I got following exception
java.lang.NoSuchMethodError: org.apache.commons.logging.impl.LogFactoryImpl.handleThrowable(Ljava/lang/Throwable;)V at org.apache.commons.logging.impl.LogFactoryImpl.newInstance(LogFactoryImpl.java:568) at org.apache.commons.logging.impl.LogFactoryImpl.getInstance(LogFactoryImpl.java:292) at org.apache.commons.logging.impl.LogFactoryImpl.getInstance(LogFactoryImpl.java:269) at org.apache.commons.logging.LogFactory.getLog(LogFactory.java:685) at org.apache.http.conn.ssl.AbstractVerifier.(AbstractVerifier.java:61) at org.apache.http.conn.ssl.AllowAllHostnameVerifier.(AllowAllHostnameVerifier.java:44) at org.apache.http.conn.ssl.AllowAllHostnameVerifier.(AllowAllHostnameVerifier.java:46) at org.apache.http.conn.ssl.SSLConnectionSocketFactory.(SSLConnectionSocketFactory.java:146) at org.apache.http.impl.conn.PoolingHttpClientConnectionManager.getDefaultRegistry(PoolingHttpClientConnectionManager.java:115) at org.apache.http.impl.conn.PoolingHttpClientConnectionManager.(PoolingHttpClientConnectionManager.java:122) at com.digitalpebble.stormcrawler.protocol.httpclient.HttpProtocol.(HttpProtocol.java:76) at java.lang.Class.forName0(Native Method) at java.lang.Class.forName(Class.java:264) at com.digitalpebble.stormcrawler.protocol.ProtocolFactory.(ProtocolFactory.java:60) at com.digitalpebble.stormcrawler.bolt.FetcherBolt.prepare(FetcherBolt.java:738) at org.apache.storm.daemon.executor$fn__9635$fn__9648.invoke(executor.clj:794) at org.apache.storm.util$async_loop$fn__557.invoke(util.clj:482) at clojure.lang.AFn.run(AFn.java:22) at java.lang.Thread.run(Thread.java:748)

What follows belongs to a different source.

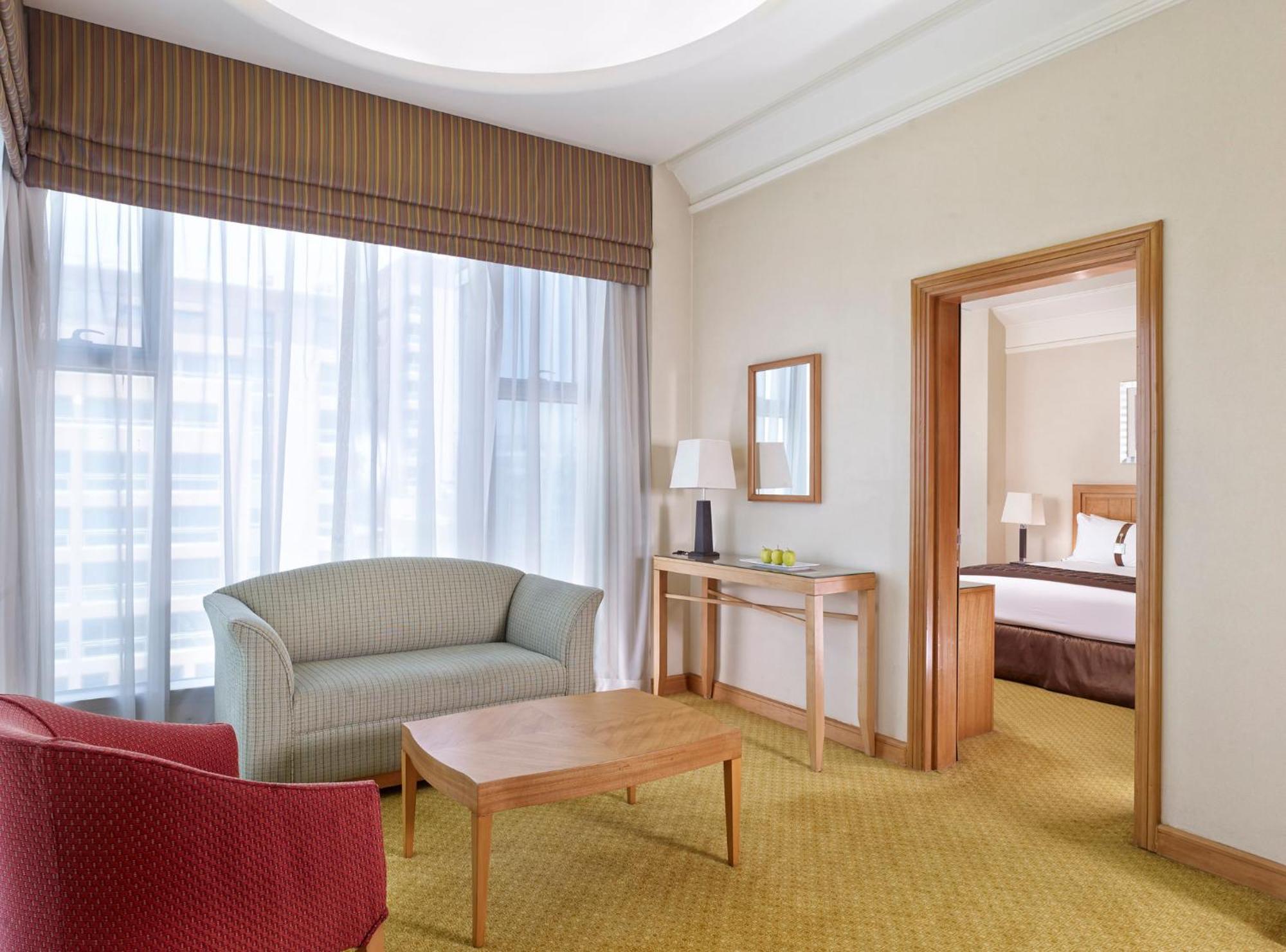 One-Bedroom King Suite,1537814317:JPEG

This is probably due to a conflict between the version of commons-logging inherited from the httpclient library and one which is put on the classpath by the Hortonworks version of Apache Storm.
[INFO] +- org.apache.httpcomponents:httpclient:jar:4.5.3:compile
[INFO] | +- org.apache.httpcomponents:httpcore:jar:4.4.6:compile
[INFO] | +- commons-logging:commons-logging:jar:1.2:compile
[INFO] | \- commons-codec:commons-codec:jar:1.9:compile
You could try using a different protocol implementation by setting
http.protocol.implementation: "com.digitalpebble.stormcrawler.protocol.okhttp.HttpProtocol"

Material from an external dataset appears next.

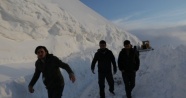 Dağda mahsur kalan belgesel ekibi kurtarıldı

https.protocol.implementation: "com.digitalpebble.stormcrawler.protocol.okhttp.HttpProtocol"
in the crawler-conf.yaml file. Note that this does not guarantee that the call to commons-logging won't happen somewhere else. Ideally, you'd want to resolve the dependency problem e.g. by making sure that Hortonworks uses the same version as the one needed by StormCrawler. We support only the Apache distribution of Storm.